Hi Sam,
Marian Longstreth Morris Thayer was born November 9, 1872 to Frederick Wister Morris and Elizabeth Flower Paul, both representatives of old Philadelphia moneyed families. She never remarried after Titanic and her husband and parents left her very well off. She died in Haverford, Pennsylvania on April 14, 1944 (on the 32nd anniversary of striking the iceberg) of heart failure brought on by arteriosclerotic heart disease and was buried in the Thayer family plot at Church of the Redeemer Cemetery in Bryn Mawr, Pennsylvania.
Her Last Will and Testament (4 pages long) left her estate to her four children and did not mention as many specifics as one might wish to know--but she does speak of real estate, securities, and stocks and bonds. The Will also calls for bequests to her servants Mary Hillier and Margaret Fleming. Margaret Fleming was traveling with the Thayer family on Titanic--but she would receive no bequest as she died before Mrs. Thayer. Mrs. Thayer also requested that "some small sum" be given to any other servants who had been in her employ for a period of 5 years prior to her death.
This is from the Philadelphia Inquirer of April 15, 1944, page 16:
Mrs. John B. Thayer
Mrs. John B. Thayer, widow of John B. Thayer, prominent Philadelphian and Pennsylvania Railroad official, died yesterday on the 32nd anniversary of her husband's death in the Titanic disaster. She was 72.

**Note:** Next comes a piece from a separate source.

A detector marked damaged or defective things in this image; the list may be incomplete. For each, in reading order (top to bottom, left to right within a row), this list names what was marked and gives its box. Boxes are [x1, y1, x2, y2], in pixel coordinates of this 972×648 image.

When the Titanic sunk on April 14, 1912, off Newfoundland after striking an iceberg, her husband, 2nd vice president and director of the Pennsylvania Railroad, was carried to his death, but Mrs. Thayer and her son, John B. Thayer, Jr., were rescued in a lifeboat.

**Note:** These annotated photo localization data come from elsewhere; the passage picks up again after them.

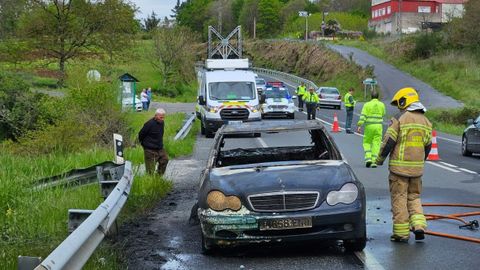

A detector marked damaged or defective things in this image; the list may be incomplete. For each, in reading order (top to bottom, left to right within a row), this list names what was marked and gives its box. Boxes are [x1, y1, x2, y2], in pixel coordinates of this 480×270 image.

broken windshield [209, 81, 255, 100]
burnt car interior [216, 129, 340, 167]
charred car hood [208, 160, 354, 196]
burned car [197, 120, 366, 253]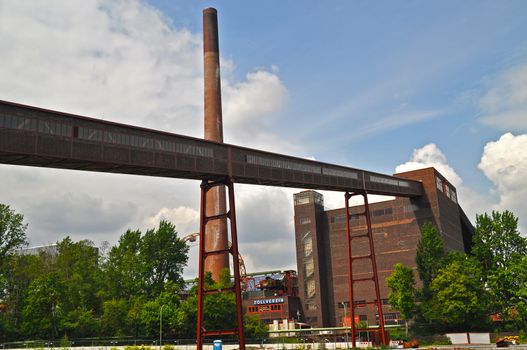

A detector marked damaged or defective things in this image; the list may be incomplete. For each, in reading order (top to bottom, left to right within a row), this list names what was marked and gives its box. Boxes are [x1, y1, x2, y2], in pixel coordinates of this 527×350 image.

rusted metal cladding [202, 7, 229, 278]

Mrs. Thayer was the daughter of the late Frederick Wister Morris, and lived in Cheswold Lane, Haverford. She had been ill a year. Surviving, besides John, are another son, Frederick M., of Newtown Square, and two daughters, Mrs. H. Hoffman Dolan, of Haverford, and Mrs. H. E. Talbott, Jr., of New York. Funeral services will be held at 5 P.M. Monday at the Church of the Redeemer, Bryn Mawr.
I hope that helps with some of the items you were interested in.